Trino Query Time Merge (id)#

Handling Duplicates and Latest Updates with Trino

In this guide, we demonstrate how to manage duplicates at query time and retain the latest updates using Trino SQL. Similar to Apache Spark’s window functions, Trino’s window functions enable you to:

  • Partition the data based on a unique identifier (id).

  • Order the records by a timestamp (or another field to determine the most recent entry).

  • Assign row numbers to isolate and filter the latest record.

By leveraging this approach, we can efficiently handle large datasets while ensuring that only the most up-to-date information is processed.


1. Sample Data#

Let’s assume we have a table sample_data with duplicate records:

CREATE TABLE sample_data (
    id INTEGER,
    name VARCHAR,
    timestamp TIMESTAMP
);

INSERT INTO sample_data VALUES 
(1, 'Alice', TIMESTAMP '2024-11-18 10:00:00'),
(2, 'Bob', TIMESTAMP '2024-11-18 11:00:00'),
(1, 'Alice Updated', TIMESTAMP '2024-11-18 12:00:00'), -- Duplicate ID with later timestamp
(3, 'Charlie', TIMESTAMP '2024-11-18 09:00:00'),
(2, 'Bob Updated', TIMESTAMP '2024-11-18 12:00:00');   -- Duplicate ID with later timestamp

2. Remove Duplicates and Keep the Latest Record#

To remove duplicates and retain the most recent record for each id, we use Trino’s window functions.

WITH ranked_data AS (
    SELECT 
        id,
        name,
        timestamp,
        ROW_NUMBER() OVER (
            PARTITION BY id 
            ORDER BY timestamp DESC
        ) AS row_num
    FROM sample_data
)
SELECT id, name, timestamp
FROM ranked_data
WHERE row_num = 1;

Result:

id

name

timestamp

1

Alice Updated

2024-11-18 12:00:00

2

Bob Updated

2024-11-18 12:00:00

3

Charlie

2024-11-18 09:00:00


3. Why is the Window Function Required?#

a) Partitioning Data
The PARTITION BY id groups the data by the id column. This allows each id to be processed independently, isolating duplicates within each group.

b) Sorting Within Partitions
The ORDER BY timestamp DESC sorts records within each partition, ensuring the most recent record is at the top.

c) Row Number Assignment
Using ROW_NUMBER() assigns a unique rank to each record based on the descending order of the timestamp. The most recent record for each id is assigned row_num = 1.

d) Filtering for the Latest Record
Finally, filtering where row_num = 1 retains only the most recent record for each id, effectively eliminating duplicates.


4. Optimizing Data Processing with Filters#

Processing the entire dataset might not always be necessary.
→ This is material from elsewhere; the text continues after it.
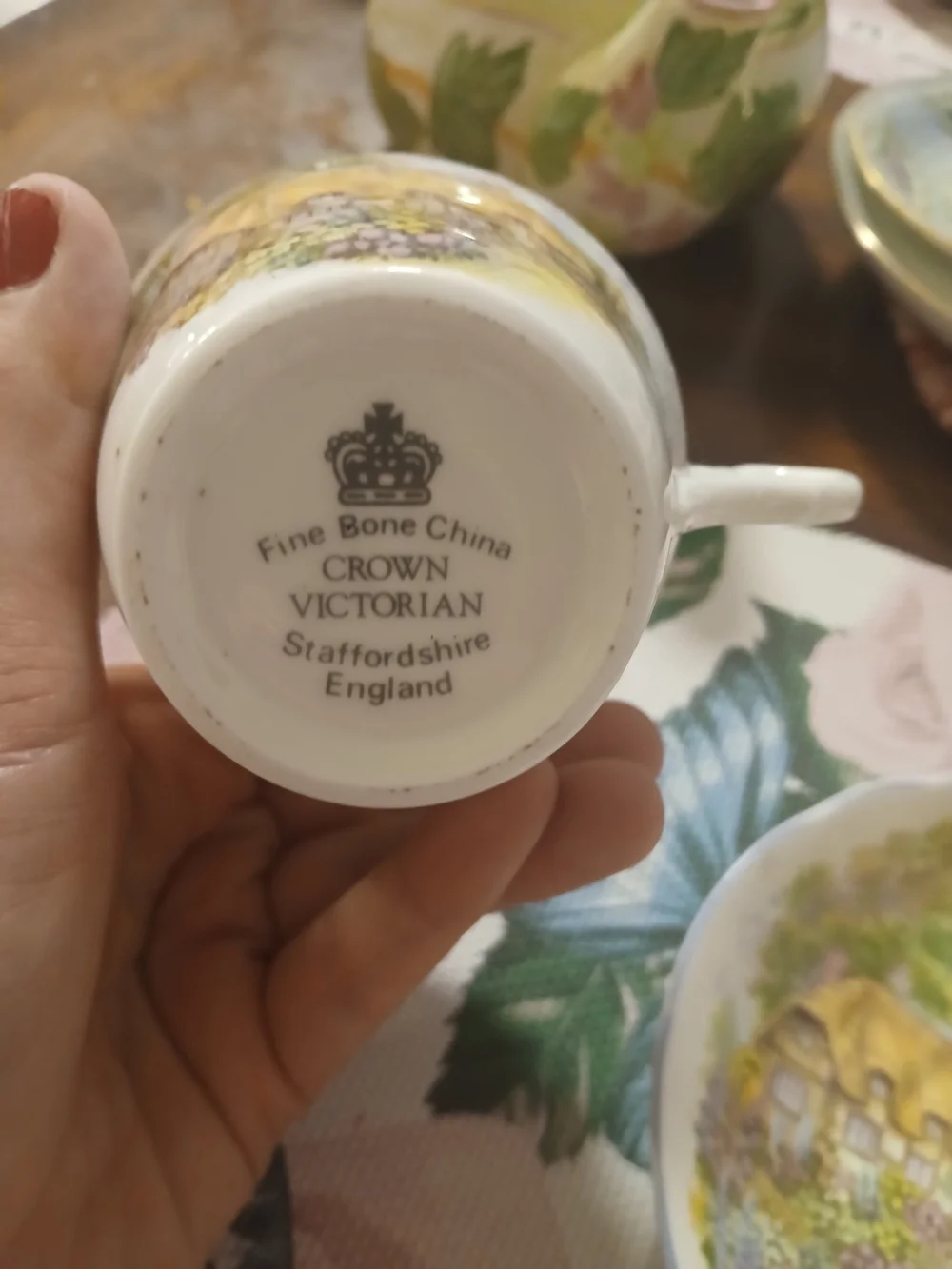 Crown Victorian Floral Bone China Cup in Yellow and Green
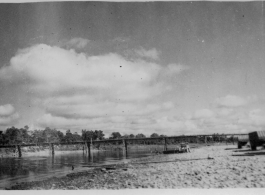 797th Engineer Forestry Company in Burma: Bridge over a river on the Burma Road.  During WWII.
To optimize performance, apply filters before using window functions:

  • Filter by Time Window:
    Process only records within a specific time range:

    SELECT *
    FROM sample_data
    WHERE timestamp BETWEEN TIMESTAMP '2024-01-01' AND TIMESTAMP '2024-01-31';
    
  • Filter by Entity:
    Focus on data for a specific entity:

    SELECT *
    FROM sample_data
    WHERE id = 12345;
    

By applying these filters in your query, you reduce the dataset size and improve query performance.


Conclusion#

In this guide, we demonstrated how to handle duplicates and retain the latest updates using Trino’s window functions. The process involves:

  • Partitioning data by a unique identifier (id).

  • Sorting records by a timestamp to identify the most recent entries.

  • Using ROW_NUMBER() to filter and keep only the latest record.

This approach is efficient and scalable, ensuring that large datasets are processed accurately to maintain only the most up-to-date information.